Da Zingaretti, invece, non arrivano segnali distensivi. Il segretario ha snobbato l’iniziativa del capogruppo umbro Chiacchieroni. Ad incontrare la delegazione del gruppo dem dell’Umbria, presumibilmente martedì, manderà il suo vice, Orlando. Incontro al quale ha preteso che sedesse anche il commissario umbro del partito, Walter Verini, il cui ruolo non viene riconosciuto dagli irriducibili del gruppo dem (con Chiacchieroni anche Smacchi e Casciari). E che è stato anche bacchettato dalla stessa Catiuscia Marini nel suo discorso, quando ha detto: “Io diffido sempre di quelli che ‘vengono da Roma’ a dirci cosa dobbiamo fare ed ancor di più diffido di ‘quelli che andati a Roma’ tornano con la supponenza di aver visto la città ed i suoi ‘poteri’ e vorrebbero spiegare le cose del mondo a noi della provincia“. Questa volta il percorso è inverso: si va “a Roma” per spiegare quello che serve “qui in provincia“.
Strada tortuosa, comunque.
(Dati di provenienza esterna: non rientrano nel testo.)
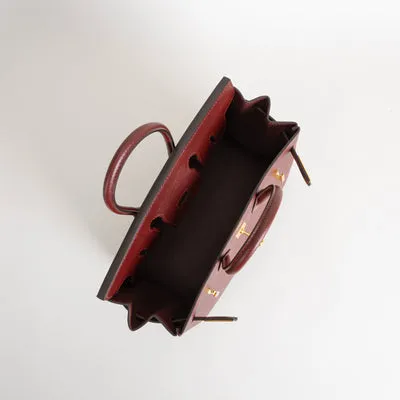 BIRKIN 25 EPSOM LEATHER ROUGE H WITH GOLD HARDWARE (GHW) - 4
Perché qualora da Roma valutassero ancora che arrivare al voto del 26 maggio con il “caso Umbria” ancora aperto (o comunque non chiuso come si vorrebbe), sabato in Aula i consiglieri dem sarebbero costretti, singolarmente, ad una scelta: provare ad andare avanti, affidando il proprio possibile futuro politico ad una disfatta del Pd targato Zingaretti o mollare un gruppo al capolinea e confidare così di tornare a giocarsi un posto in Consiglio nelle elezioni d’autunno. Per alcuni la scelta è obbligata. Altri questa opzione, invece, ce l’hanno. E non è un caso che i più dubbiosi siano Giacomo Leonelli e Fabio Paparelli. Il primo, già nella precedente seduta, aveva avvertito che senza “un cappello politico” univoco del partito non avrebbe votato la richiesta di ritirare le dimissioni di Catiuscia Marini. E nei giorni scorsi ha provato anche a chiudere con un documento che, pur valutando positivamente l’operato della Giunta, accogliesse le dimissioni. Ipotesi che però è stata respinta dagli irriducibili. Paparelli e Leonelli, due renziani delusi che optano per la linea Zingaretti di fronte ad una Catiuscia Marini che renziana non è mai stata, ma che sta trovando nell’ex segretario uno dei suoi pochi sostenitori in questa fase. Così soffiano, in questa pazza primavera meteo, le correnti d’aria nel Pd umbro. E poi c’è la legge sui vitalizi, da approvare entro maggio. Quella che interessa soprattutto i consiglieri che sanno che quasi sicuramente, anche in caso di ricandidatura, non saranno rieletti. In questo pazzo clima di primavera, numeri alla mano, basta l’astensione di un consigliere per far saltare il banco.